> **Work request**: Line by line, set down the records below from the first line through the line containing "Hey guys, welcome". Omit the pictures.

● ● ●

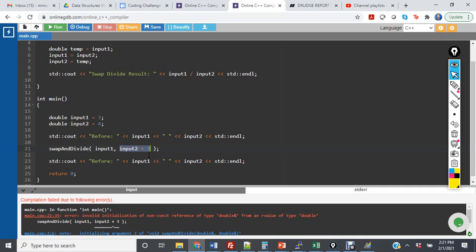So when you're using call by reference, be sure to pass variables only.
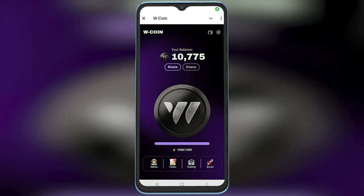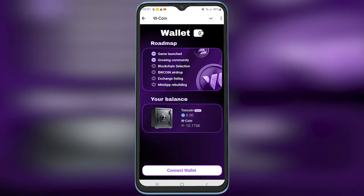Hey guys, welcome back to Easy Internet. In today's video, we are going to look at how to connect wcoin to a Ton withdrawal address. First, open up wcoin, then tap on the wallet icon and tap on Connect Wallet.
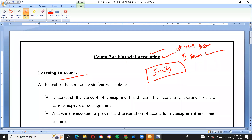At the end of the course, the student will be able to understand the concept of consignment and learn the accounting treatment of various aspects of consignment. When you study this subject, you will understand what consignment is about.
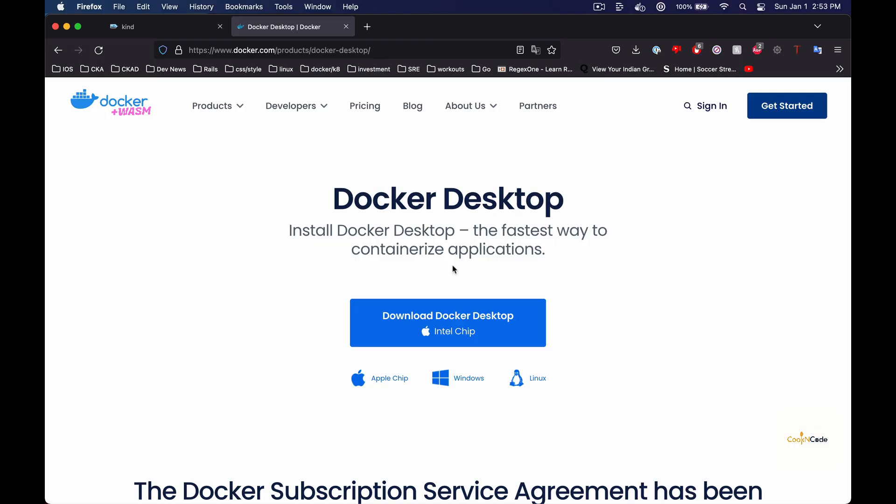Hi guys, welcome to the channel. My name is Shabir Safi, and in today's video we are going to create a local Kubernetes multi-node cluster using kind. So let's get to it.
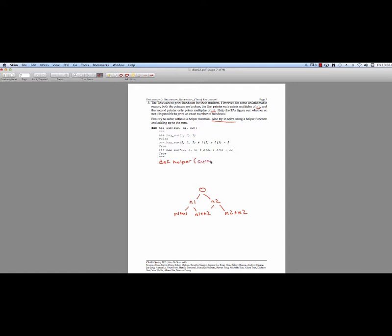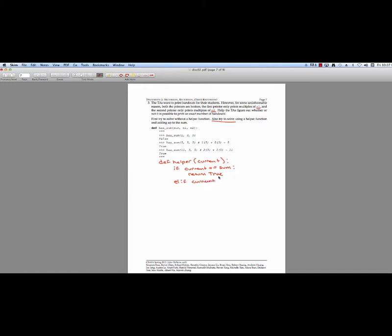Now we can construct a helper function. Let's make a helper function that takes 'current' pages as a parameter. What's our base case? If our current pages is exactly equal to the number of pages we want — equal to sum — we've managed to get to the correct number, so we return true. Another base case: if current has overshot and is greater than the number of pages we want to print, we return false. When defining a recursive function, first think about the simplest inputs that let you automatically return.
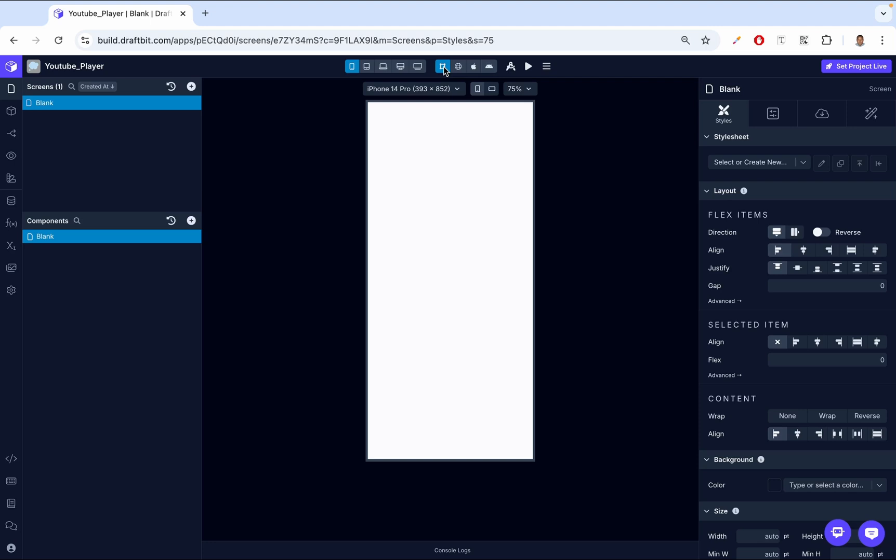This component is a powerful tool that allows you to embed and play YouTube videos directly within your app. Whether you're showcasing a playlist, a tutorial, or a single video, the YouTube Player makes it seamless to integrate YouTube's content inside your application.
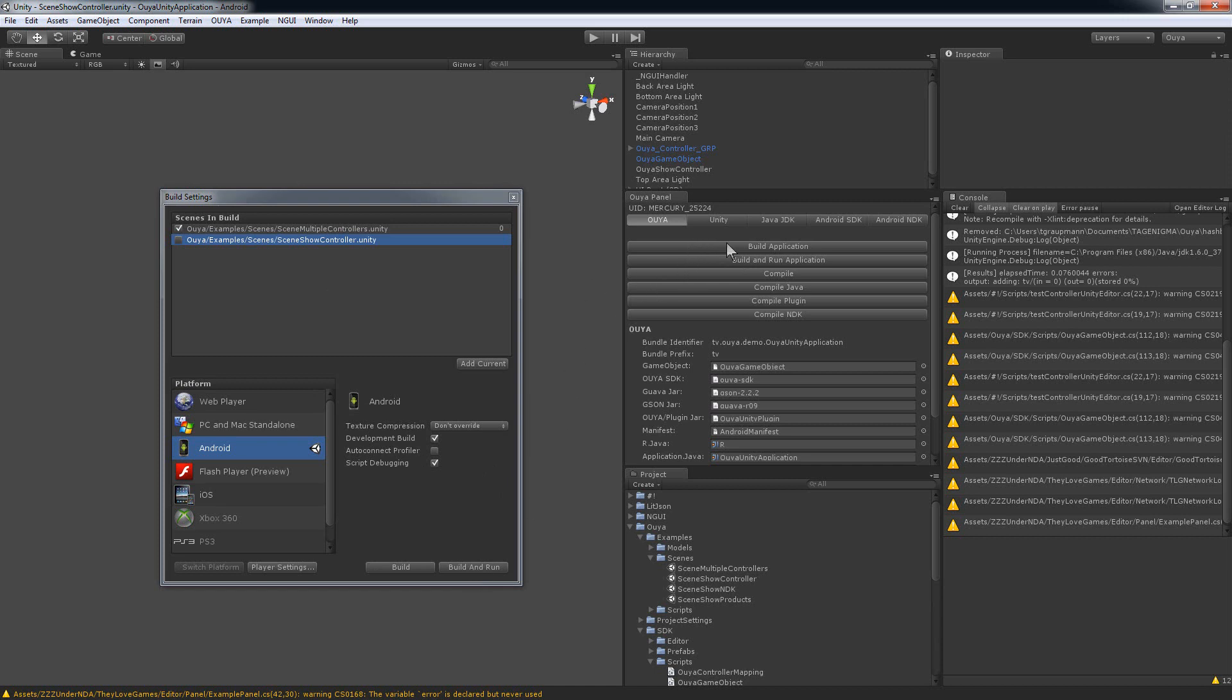If you have Android Pro you will be able to click these buttons to build and run application. In the case that you have Pro, it will respect the scenes that you have selected.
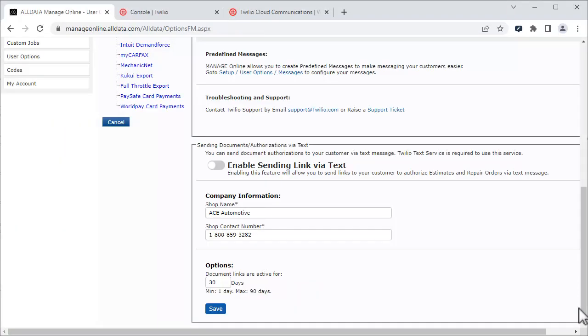With your Twilio account, you also have the ability to send a link to your customers so they can review and authorize estimates and repair orders. Click here to enable this feature.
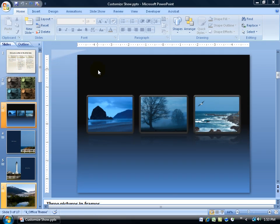The Customize Slideshow feature allows you to edit out parts of your presentation for varying audiences without deleting them from your original presentation.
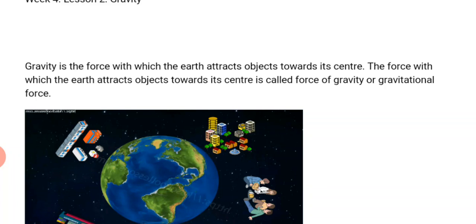The sun is the center of the solar system while the planets revolve around the sun in their circular pathway, which is called the orbit. The orbit is the circular pathway on which a planet moves.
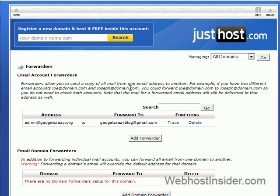Sounds a little tricky, but it's really useful. And it's dead simple using all the justhost.com cPanel. Alright, thanks guys.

● ● ●

> **Response to this exercise**:
So when you're using call by reference, be sure to pass variables only.
Hey guys, welcome back to Easy Internet. In today's video, we are going to look at how to connect wcoin to a Ton withdrawal address. First, open up wcoin, then tap on the wallet icon and tap on Connect Wallet.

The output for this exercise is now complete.